Days Gone also changes how you get around. Unlike a lot of open world games, where you can take any motor vehicle you want, Deacon never learned how to hot wire, and thus only uses his own motorcycle. It’s like how you had a faithful horse Roach in The Witcher 3: Wild Hunt…except your bike doesn’t magically appear when you call it. You also didn’t have to keep your horse gassed up or maintained, and couldn’t really upgrade its feet or stomach.
Even the way friendly outposts work in Days Gone is different from those in other open world games. Like Far Cry New Dawn, doing nice things for the people makes them like you more, which prompts local merchants to offer you better weapons and other items. Except that doing something nice for one compound sometimes means you didn’t do it for another. For instance, if you help some guy on the road who was being attacked by freakers, you have a choice of which compound to recommend he join.

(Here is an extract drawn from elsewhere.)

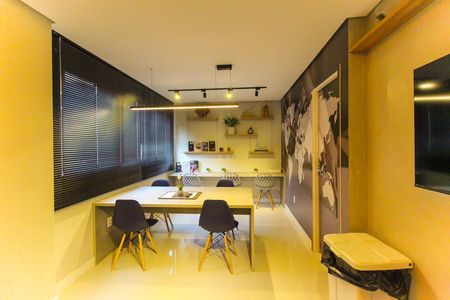 Apartamento à venda com 46m², 2 quartos e 1 vaga Apartamento à venda com 46m², 2 quartos e 1 vagaCoworking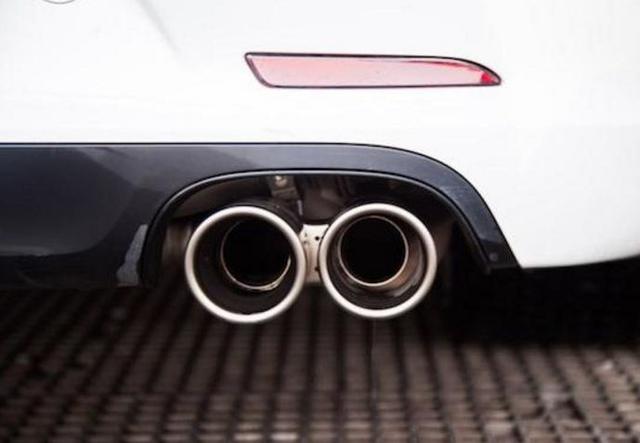 The exhaust pipe leakage is a good performance of the engine. Is it more good?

Combined, all of these mechanics — and the seamless way they work together — not only makes Days Gone effortlessly fun, but it also gives it a tension you don’t normally find in open world games. Especially ones set in such picturesque settings. Even when you’re on your bike, cruising the open road, the threat of attack is ever present. Not only might you get knocked off your bike by running into a wire some jerks strung up across a road, but some freakers will tackle you when you drive past them. Good thing you can shoot them while driving.

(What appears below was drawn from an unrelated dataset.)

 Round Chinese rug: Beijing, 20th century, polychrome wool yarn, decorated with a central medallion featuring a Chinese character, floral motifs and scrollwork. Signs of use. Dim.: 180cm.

Of course, as with all games,
not everything in Days Gone works as well as it should. The irony being that most of them are problems we’ve seen in, well, other games.
For starters, some melee weapons wear down way too quickly, though you can learn to fix some with all the scrap metal you find lying around. Similarly, Deacon’s motorcycle is such a gas guzzler that you have to constantly stop for gas.

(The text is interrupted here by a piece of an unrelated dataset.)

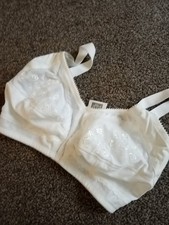 Bnwt crisp white bra from F&F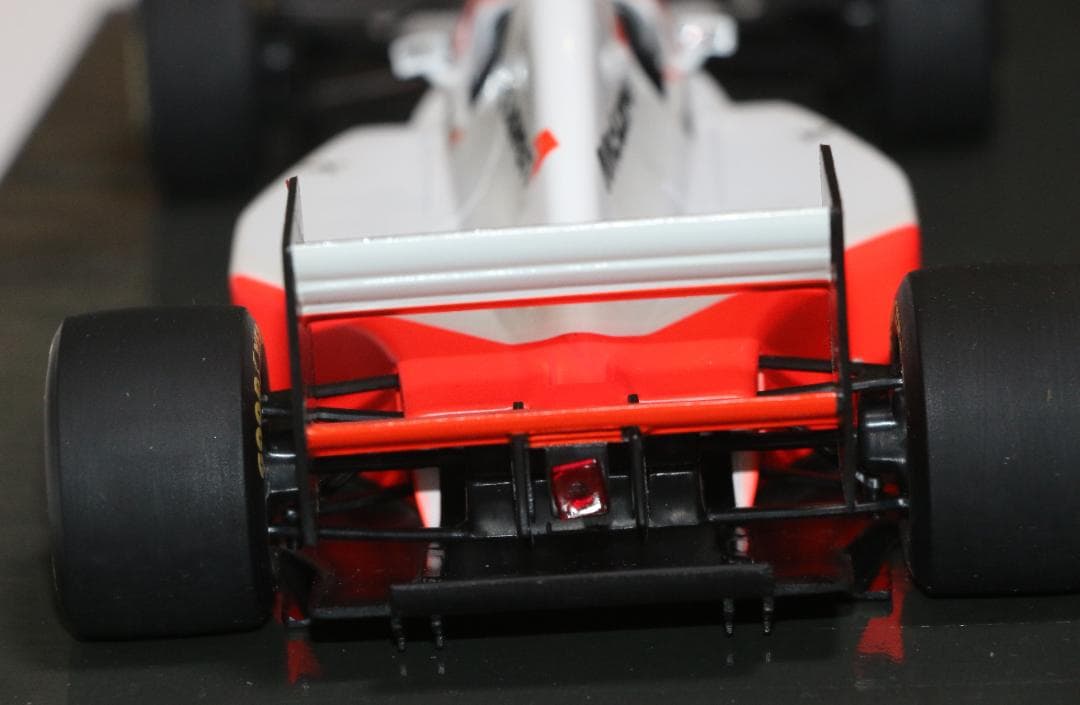 貴重ビックスケール１／1８　マクラーレン・コレクション　マクラーレンMP4／8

Deacon also has the ability to survey his surrounds like Batman did in Batman: Arkham Knight and Lara Croft does in Shadow Of The Tomb Raider. But like their vision modes, the one in Days Gone doesn’t stay on very long, even when you upgrade it, doesn’t permanently mark found items, or distinguish from a distance between items you need and ones you don’t.
Visibility is also an issue in Days Gone. And, again, they’re issues we’ve seen before. For one thing, the targeting reticule for your guns is made of such thin lines that it’s hard to see. The same can also be said of the text in the menus and button prompts, which are so small that they can be hard to read if you sit at a reasonable distance from your TV. Though it also doesn’t help that some of the menu text is is light grey on grey or white backgrounds and dark green on green.
As for unique issues, Days Gone gives you money for killing freakers, provided you collect their ears. But while you thankfully don’t have to do your impression of Michael Madsen from Reservoir Dogs to collect them, you just have to walk over their bodies, there’s always a split-second delay before you can grab them. Which may not seem like a big deal, but when you’re trying not to be spotted by other freakers, it can mean the difference between life and lunch.
While these irritations are, well, irritating,
they don’t ruin Days Gone. Especially since most of their irritability is because we’ve suffered these indignities before (and probably will again). Instead, by combining previously uncombined mechanics from both similar and disparate games, the good people at SIE Bend Studio have come up with something addictive, exciting, scary, and, well, potentially inspiring for some other game developers.